Fantasmas no raso

Linguagem e estilo tornam romance de Rui Mourão um fardo pesadíssimo para o leitor carregar
Rui Mourão, autor de “Mergulho na região do espanto”
28/08/2016

Segundo informações da capa, com Mergulho na região do espanto, o autor, importante figura para a memória histórica e cultural brasileira, encerra a trilogia sobre a temática do ciclo do ouro em Ouro Preto, que começou com Boca de chafariz (2010) e Quando os demônios descem o morro (2008).

Isto é um problema, pois tive acesso apenas a este último romance, o que me impõe certo temor de perder a unidade desejada, ao resenhar apenas a obra em si. Entretanto, deve ela subsistir por si própria ao ser lida. Assim, leio-a como romance autônomo.

O fato de o autor estar dedicado ao Museu da Inconfidência há mais de 40 anos, ter obras teóricas e administrativas publicadas sobre a Inconfidência Mineira e o museu lhe deu e dá, além da familiaridade temática, várias possibilidades de pesquisa e de aplicar na ficção seu saber historiográfico.

Mas não é a partir disso que a leitura deste romance se firmaria. O autor, creio, ambiciona criar uma epopeia mineira da conquista da terra do ouro até a Inconfidência, à qual deseja aplicar recursos narrativos contemporâneos. Ou seja, o romance se desejaria pari passu com a história, mas também sob uma prosa estruturalmente mais complexa.

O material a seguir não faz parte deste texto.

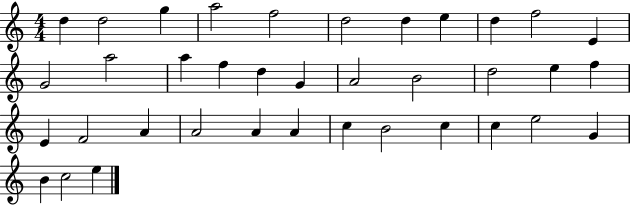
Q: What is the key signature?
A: C major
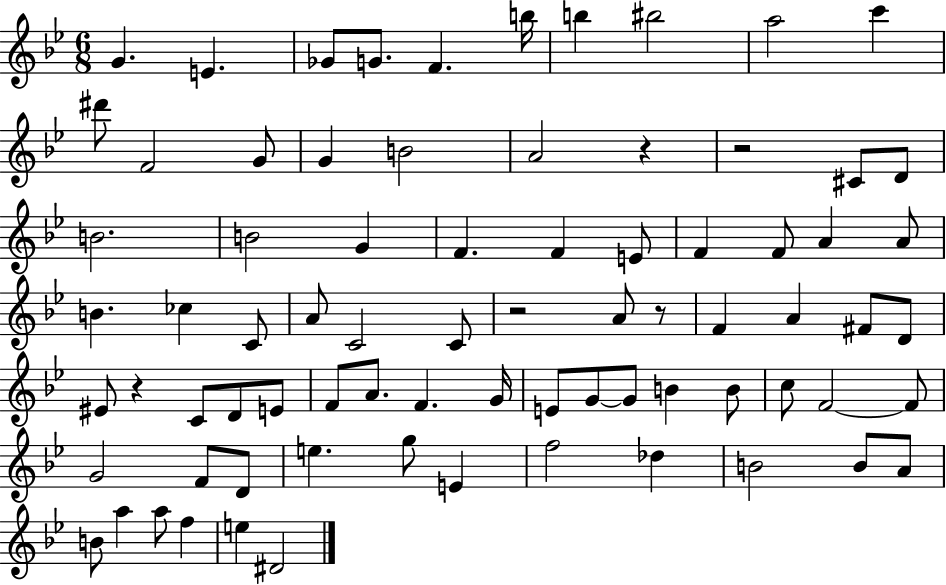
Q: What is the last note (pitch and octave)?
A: D#4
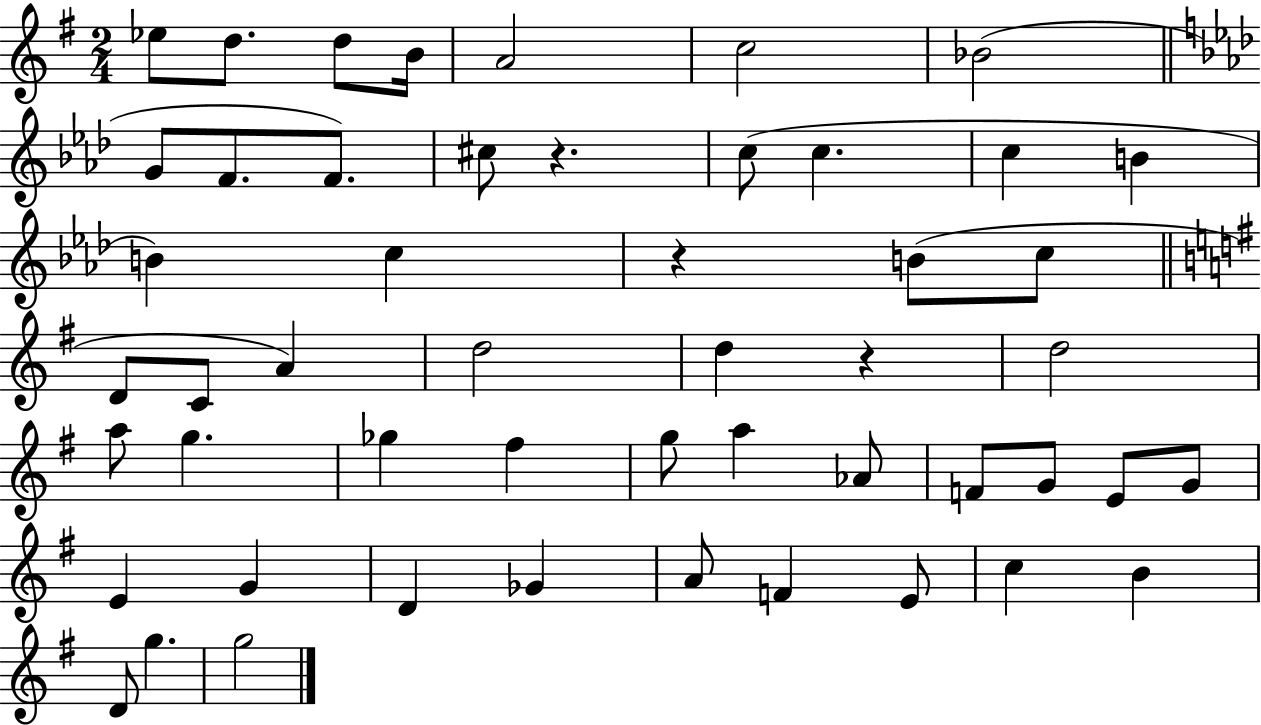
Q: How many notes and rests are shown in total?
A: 51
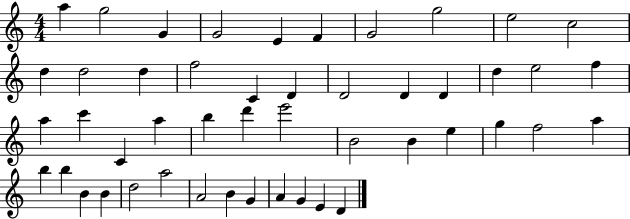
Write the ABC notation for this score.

X:1
T:Untitled
M:4/4
L:1/4
K:C
a g2 G G2 E F G2 g2 e2 c2 d d2 d f2 C D D2 D D d e2 f a c' C a b d' e'2 B2 B e g f2 a b b B B d2 a2 A2 B G A G E D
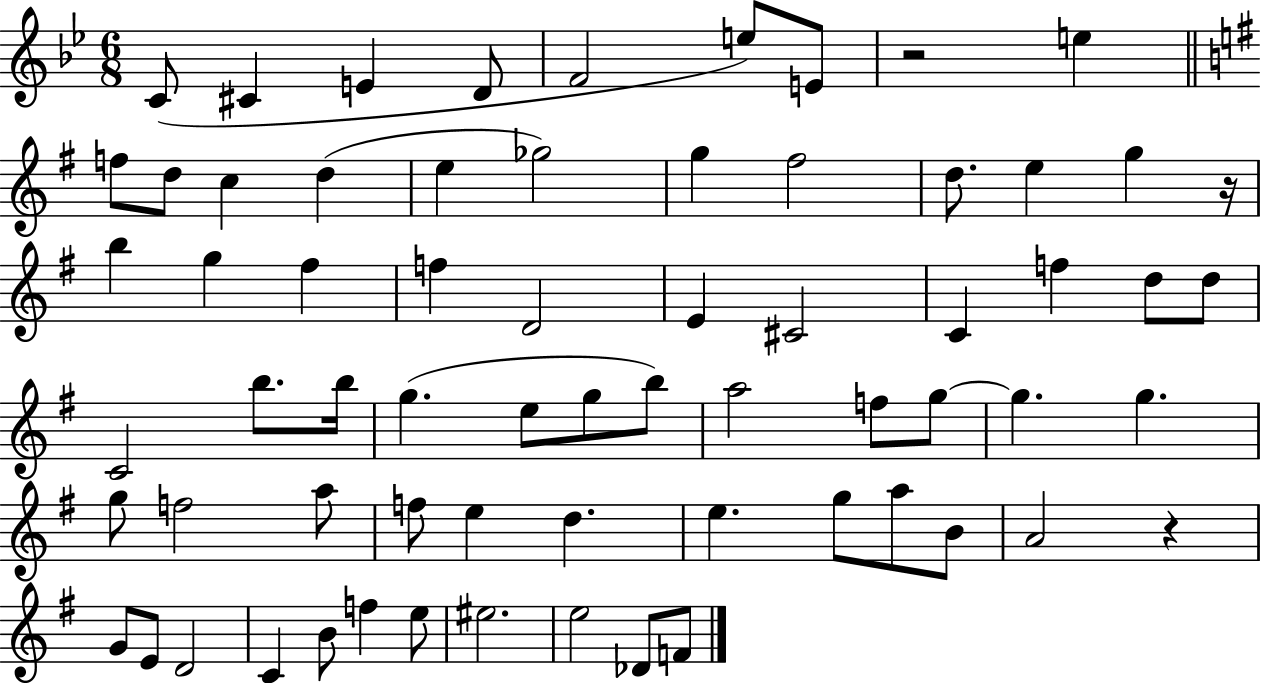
{
  \clef treble
  \numericTimeSignature
  \time 6/8
  \key bes \major
  c'8( cis'4 e'4 d'8 | f'2 e''8) e'8 | r2 e''4 | \bar "||" \break \key e \minor f''8 d''8 c''4 d''4( | e''4 ges''2) | g''4 fis''2 | d''8. e''4 g''4 r16 | \break b''4 g''4 fis''4 | f''4 d'2 | e'4 cis'2 | c'4 f''4 d''8 d''8 | \break c'2 b''8. b''16 | g''4.( e''8 g''8 b''8) | a''2 f''8 g''8~~ | g''4. g''4. | \break g''8 f''2 a''8 | f''8 e''4 d''4. | e''4. g''8 a''8 b'8 | a'2 r4 | \break g'8 e'8 d'2 | c'4 b'8 f''4 e''8 | eis''2. | e''2 des'8 f'8 | \break \bar "|."
}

É, porém, com grande esforço que o leitor avança; por várias razões. Uma, a linguagem e estilo do autor incomodam (falo disso adiante). Outra razão é a estratégia que não se concretiza bem: faz-se a introdução de vários personagens fantasmagóricos, vindos de outras dimensões oníricas, assassinos, assassinados, intelectuais e aventureiros, com que o autor pretende uma atmosfera de realismo fantástico. Tais personagens fantasmais resolvem, em discurso próprio — embora todos no mesmo tom (o do autor…) —, oferecer depoimentos sobre sua vida e a história da época ao “tomador de notas”, que é um narrador em primeira pessoa (recurso comum do narrar “mineiro” na literatura).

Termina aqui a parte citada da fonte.